- What is needed -
The listing is to be transcribed in full, with its images left out.

- Data below -

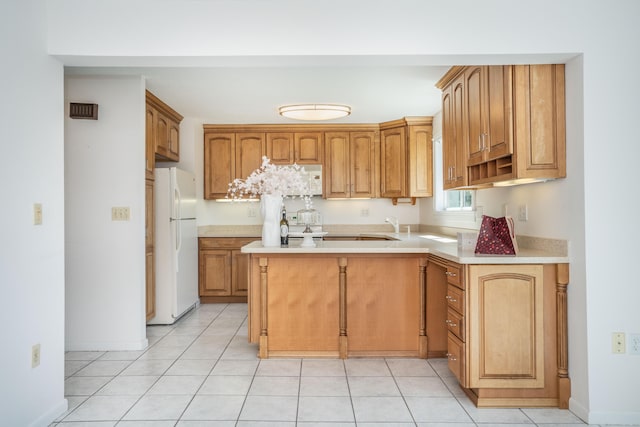 592 Mountain Rd Unit A, West Hartford, CT 06117 - kitchen featuring freestanding refrigerator, light countertops, light tile patterned flooring, and a peninsula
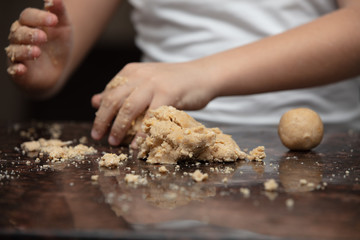 Close-up child`s hands preparing cookies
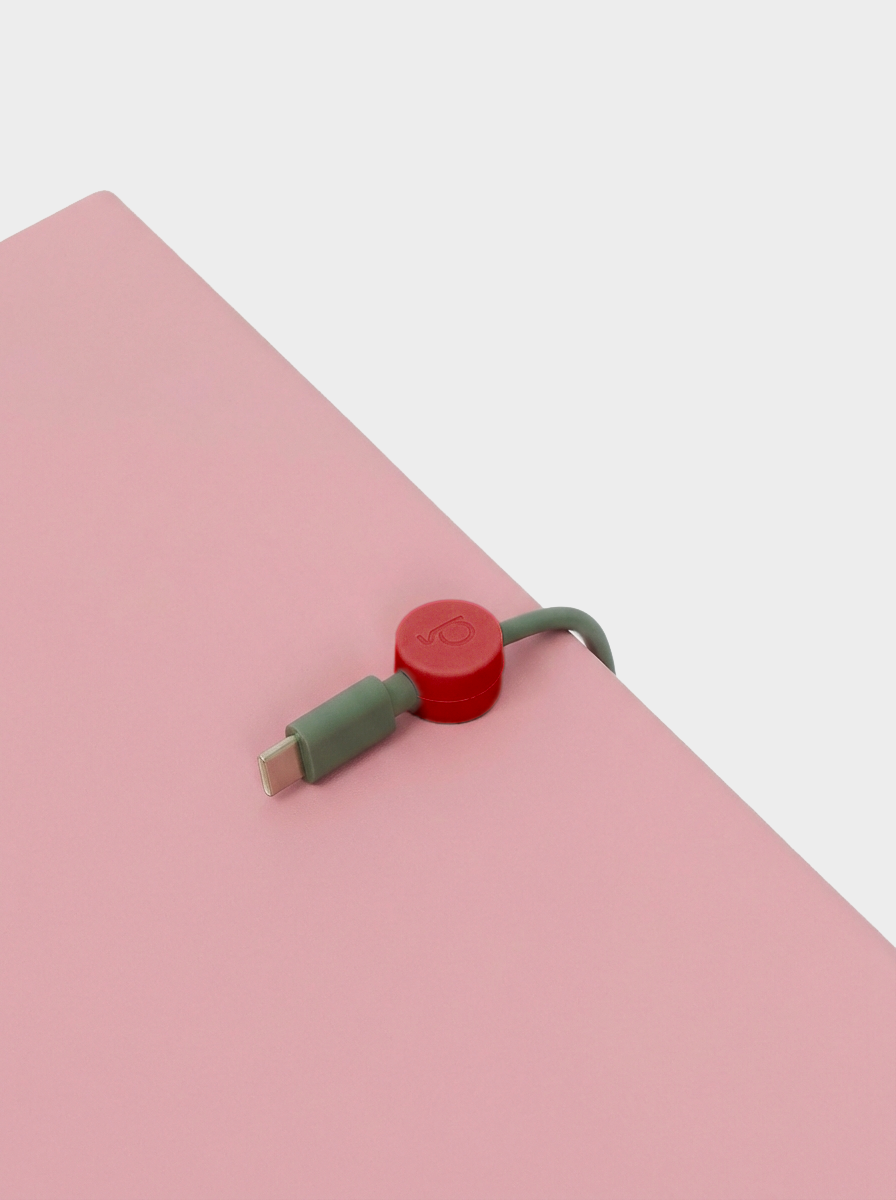 Burnin' Red cable clip gripping a sage green USB-C cable on a pink surface, close-up angled studio detail shot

- Written solution -
 592 Mountain Rd Unit A, West Hartford, CT 06117 - kitchen featuring freestanding refrigerator, light countertops, light tile patterned flooring, and a peninsula
 Close-up child`s hands preparing cookies
 Burnin' Red cable clip gripping a sage green USB-C cable on a pink surface, close-up angled studio detail shot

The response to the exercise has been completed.